Task item:
Among the records, how many lines contain "online"? Only the number is needed.

Records shown:
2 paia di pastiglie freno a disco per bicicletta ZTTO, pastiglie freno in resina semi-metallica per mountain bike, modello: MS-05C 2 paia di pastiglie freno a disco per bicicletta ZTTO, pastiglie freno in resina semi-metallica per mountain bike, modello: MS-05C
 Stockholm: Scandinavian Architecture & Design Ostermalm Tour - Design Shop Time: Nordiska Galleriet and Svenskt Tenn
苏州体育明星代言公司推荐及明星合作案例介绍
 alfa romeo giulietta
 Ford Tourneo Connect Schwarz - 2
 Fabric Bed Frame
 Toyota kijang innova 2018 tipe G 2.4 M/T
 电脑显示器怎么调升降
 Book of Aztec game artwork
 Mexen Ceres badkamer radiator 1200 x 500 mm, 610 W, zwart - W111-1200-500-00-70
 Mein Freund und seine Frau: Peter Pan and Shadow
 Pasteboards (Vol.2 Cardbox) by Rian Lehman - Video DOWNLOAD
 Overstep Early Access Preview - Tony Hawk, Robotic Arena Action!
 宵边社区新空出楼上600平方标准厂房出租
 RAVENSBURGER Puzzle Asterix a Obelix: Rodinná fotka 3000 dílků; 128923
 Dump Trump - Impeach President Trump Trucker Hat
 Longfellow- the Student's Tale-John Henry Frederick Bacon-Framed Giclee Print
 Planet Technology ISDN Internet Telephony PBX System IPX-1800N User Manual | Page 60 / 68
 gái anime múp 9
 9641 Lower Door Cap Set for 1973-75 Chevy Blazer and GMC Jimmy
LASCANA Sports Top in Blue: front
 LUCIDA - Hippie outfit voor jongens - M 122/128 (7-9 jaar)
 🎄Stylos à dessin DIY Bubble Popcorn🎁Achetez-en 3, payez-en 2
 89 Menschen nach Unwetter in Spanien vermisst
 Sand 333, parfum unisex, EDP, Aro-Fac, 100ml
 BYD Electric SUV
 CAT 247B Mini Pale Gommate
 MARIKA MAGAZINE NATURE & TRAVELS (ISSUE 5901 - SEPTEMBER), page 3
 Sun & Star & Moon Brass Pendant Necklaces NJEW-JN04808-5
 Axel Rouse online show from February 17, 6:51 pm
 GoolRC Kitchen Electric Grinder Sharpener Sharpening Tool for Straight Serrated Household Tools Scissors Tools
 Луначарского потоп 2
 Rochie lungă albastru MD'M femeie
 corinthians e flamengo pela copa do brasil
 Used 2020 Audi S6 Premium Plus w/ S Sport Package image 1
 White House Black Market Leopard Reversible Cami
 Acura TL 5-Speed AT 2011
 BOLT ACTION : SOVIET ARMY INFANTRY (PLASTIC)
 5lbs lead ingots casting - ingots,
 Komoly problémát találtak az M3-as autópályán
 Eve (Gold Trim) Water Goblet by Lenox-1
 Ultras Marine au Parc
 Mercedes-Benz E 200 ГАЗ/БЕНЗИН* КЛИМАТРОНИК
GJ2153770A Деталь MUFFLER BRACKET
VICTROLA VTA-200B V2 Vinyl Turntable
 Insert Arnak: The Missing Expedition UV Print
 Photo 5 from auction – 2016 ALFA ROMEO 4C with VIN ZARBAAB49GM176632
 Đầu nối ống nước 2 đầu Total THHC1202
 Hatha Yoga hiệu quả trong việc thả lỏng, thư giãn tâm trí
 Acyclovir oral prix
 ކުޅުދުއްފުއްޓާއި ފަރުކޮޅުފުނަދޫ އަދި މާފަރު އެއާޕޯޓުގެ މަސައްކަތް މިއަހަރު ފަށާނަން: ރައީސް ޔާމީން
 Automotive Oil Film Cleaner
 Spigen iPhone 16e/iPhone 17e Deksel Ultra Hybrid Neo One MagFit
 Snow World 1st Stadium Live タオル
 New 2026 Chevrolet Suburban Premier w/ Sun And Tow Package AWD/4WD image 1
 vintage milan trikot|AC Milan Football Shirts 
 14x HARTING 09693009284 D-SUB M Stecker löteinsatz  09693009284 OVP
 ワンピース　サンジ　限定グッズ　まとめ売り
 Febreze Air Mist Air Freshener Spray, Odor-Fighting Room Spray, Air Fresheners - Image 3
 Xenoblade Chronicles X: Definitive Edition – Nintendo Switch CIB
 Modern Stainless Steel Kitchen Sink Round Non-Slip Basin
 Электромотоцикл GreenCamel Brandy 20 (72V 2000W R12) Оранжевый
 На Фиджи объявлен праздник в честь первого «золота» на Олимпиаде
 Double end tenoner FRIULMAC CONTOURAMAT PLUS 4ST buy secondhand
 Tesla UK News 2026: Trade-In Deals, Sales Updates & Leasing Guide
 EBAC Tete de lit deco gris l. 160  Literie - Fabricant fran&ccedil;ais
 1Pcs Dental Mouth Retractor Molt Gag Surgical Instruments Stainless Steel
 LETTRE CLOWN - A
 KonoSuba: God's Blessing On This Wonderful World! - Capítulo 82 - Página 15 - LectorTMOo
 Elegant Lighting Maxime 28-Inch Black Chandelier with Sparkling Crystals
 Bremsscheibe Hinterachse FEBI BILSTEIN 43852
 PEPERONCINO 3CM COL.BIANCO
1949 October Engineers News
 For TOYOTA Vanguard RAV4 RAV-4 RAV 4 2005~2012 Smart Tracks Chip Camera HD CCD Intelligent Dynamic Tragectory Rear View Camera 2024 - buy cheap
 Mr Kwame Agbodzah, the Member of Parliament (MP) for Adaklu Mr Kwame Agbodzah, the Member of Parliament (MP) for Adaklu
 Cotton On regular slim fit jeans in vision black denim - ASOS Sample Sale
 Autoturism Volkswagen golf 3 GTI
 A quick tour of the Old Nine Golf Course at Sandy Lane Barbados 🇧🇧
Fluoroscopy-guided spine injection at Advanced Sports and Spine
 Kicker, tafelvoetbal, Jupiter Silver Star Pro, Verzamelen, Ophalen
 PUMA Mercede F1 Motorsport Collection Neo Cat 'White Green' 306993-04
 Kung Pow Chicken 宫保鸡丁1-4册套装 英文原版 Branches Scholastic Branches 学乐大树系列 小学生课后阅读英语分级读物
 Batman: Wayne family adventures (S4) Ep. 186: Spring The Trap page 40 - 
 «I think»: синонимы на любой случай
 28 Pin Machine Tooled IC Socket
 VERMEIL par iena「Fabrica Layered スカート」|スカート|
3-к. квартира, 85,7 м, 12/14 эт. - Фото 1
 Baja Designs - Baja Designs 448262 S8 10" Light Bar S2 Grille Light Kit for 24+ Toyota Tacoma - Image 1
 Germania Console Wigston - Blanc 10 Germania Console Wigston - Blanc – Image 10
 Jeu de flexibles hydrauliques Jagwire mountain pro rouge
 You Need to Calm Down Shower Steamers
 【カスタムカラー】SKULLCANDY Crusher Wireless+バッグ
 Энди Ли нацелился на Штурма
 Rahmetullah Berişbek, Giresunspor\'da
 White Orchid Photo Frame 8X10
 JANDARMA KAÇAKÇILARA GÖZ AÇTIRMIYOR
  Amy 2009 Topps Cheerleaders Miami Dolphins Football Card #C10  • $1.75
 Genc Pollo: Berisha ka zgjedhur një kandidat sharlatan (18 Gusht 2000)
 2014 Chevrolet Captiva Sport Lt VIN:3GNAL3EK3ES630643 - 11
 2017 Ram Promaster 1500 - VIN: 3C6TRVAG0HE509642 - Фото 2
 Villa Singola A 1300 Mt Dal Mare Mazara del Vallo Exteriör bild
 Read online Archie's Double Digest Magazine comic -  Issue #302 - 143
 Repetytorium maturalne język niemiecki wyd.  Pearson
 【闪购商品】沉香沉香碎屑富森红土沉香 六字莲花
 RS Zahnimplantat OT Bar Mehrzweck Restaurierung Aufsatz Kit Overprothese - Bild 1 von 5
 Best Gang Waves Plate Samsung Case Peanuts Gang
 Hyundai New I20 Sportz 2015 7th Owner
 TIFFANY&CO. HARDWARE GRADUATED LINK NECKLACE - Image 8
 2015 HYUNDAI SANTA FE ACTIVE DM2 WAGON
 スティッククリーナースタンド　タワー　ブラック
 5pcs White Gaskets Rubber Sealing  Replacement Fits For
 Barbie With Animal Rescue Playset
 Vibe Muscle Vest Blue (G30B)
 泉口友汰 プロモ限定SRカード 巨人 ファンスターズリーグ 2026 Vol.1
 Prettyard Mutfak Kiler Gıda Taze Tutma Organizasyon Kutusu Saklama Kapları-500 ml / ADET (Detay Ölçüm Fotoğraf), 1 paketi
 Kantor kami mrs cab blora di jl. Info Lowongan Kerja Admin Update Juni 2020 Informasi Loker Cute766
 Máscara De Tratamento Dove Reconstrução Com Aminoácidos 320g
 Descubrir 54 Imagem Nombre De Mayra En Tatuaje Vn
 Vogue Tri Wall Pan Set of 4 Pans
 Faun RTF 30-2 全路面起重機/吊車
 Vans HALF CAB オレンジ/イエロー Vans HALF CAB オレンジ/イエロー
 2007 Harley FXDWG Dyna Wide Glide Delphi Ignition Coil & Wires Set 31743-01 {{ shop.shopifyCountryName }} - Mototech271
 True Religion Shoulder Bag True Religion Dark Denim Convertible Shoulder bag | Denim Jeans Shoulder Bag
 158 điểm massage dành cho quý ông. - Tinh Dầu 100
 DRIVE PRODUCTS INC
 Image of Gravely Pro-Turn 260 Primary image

Exercise solution:
2